### [THE PROBLEM]
Below are the records; extract from them the line containing "Женская блузка в" to the line containing "NJ license plate A38VPV", both lines included, exactly and with no pictures.

### [DATASET EXCERPTS]
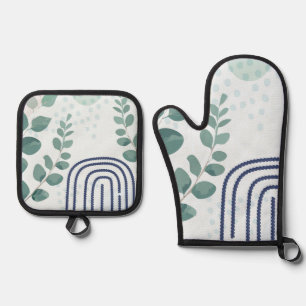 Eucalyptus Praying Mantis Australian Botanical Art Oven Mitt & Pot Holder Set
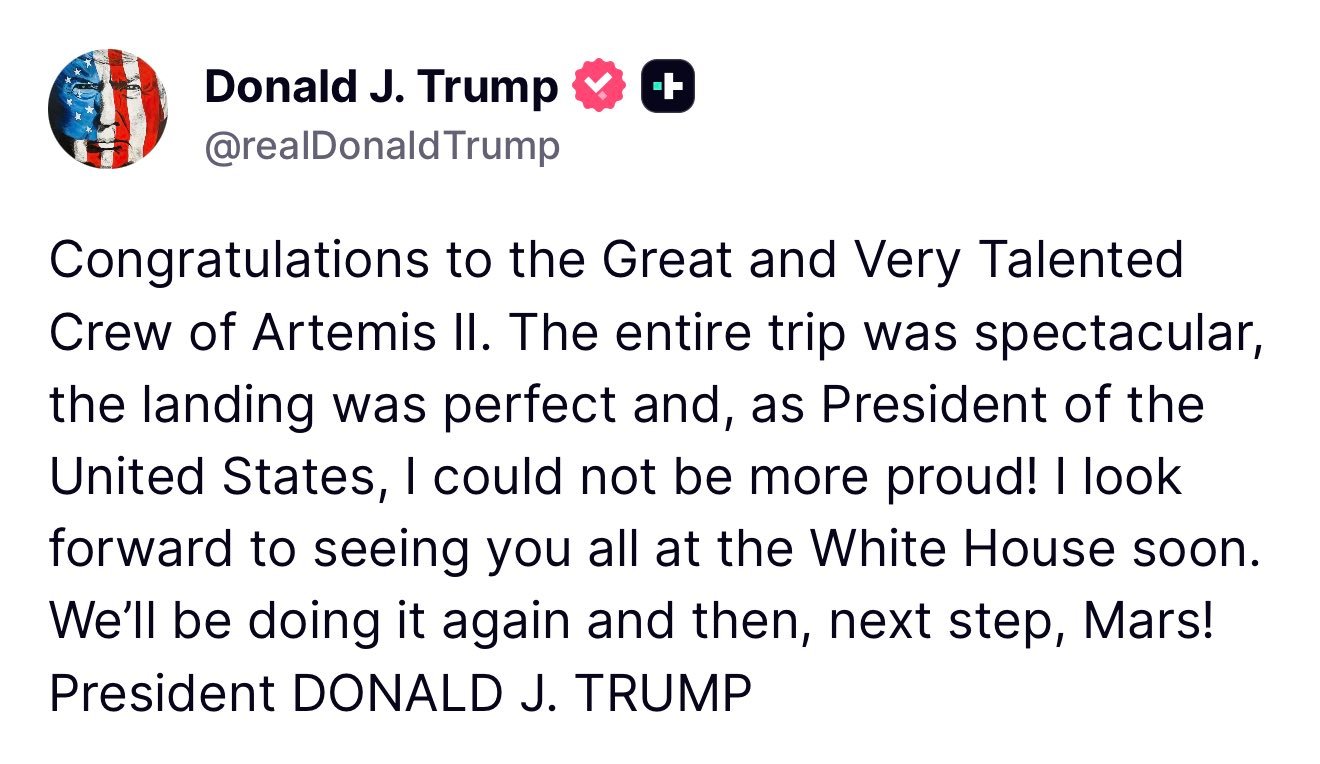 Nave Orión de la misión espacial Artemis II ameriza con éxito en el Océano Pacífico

...

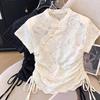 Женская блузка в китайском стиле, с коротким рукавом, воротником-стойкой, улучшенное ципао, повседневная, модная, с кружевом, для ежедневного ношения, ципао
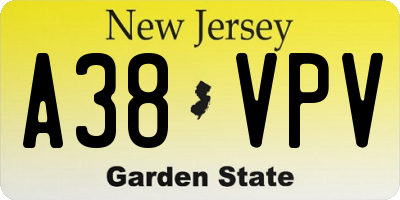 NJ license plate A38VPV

### [OUTPUT FOR THIS EXERCISE]
 Женская блузка в китайском стиле, с коротким рукавом, воротником-стойкой, улучшенное ципао, повседневная, модная, с кружевом, для ежедневного ношения, ципао
 NJ license plate A38VPV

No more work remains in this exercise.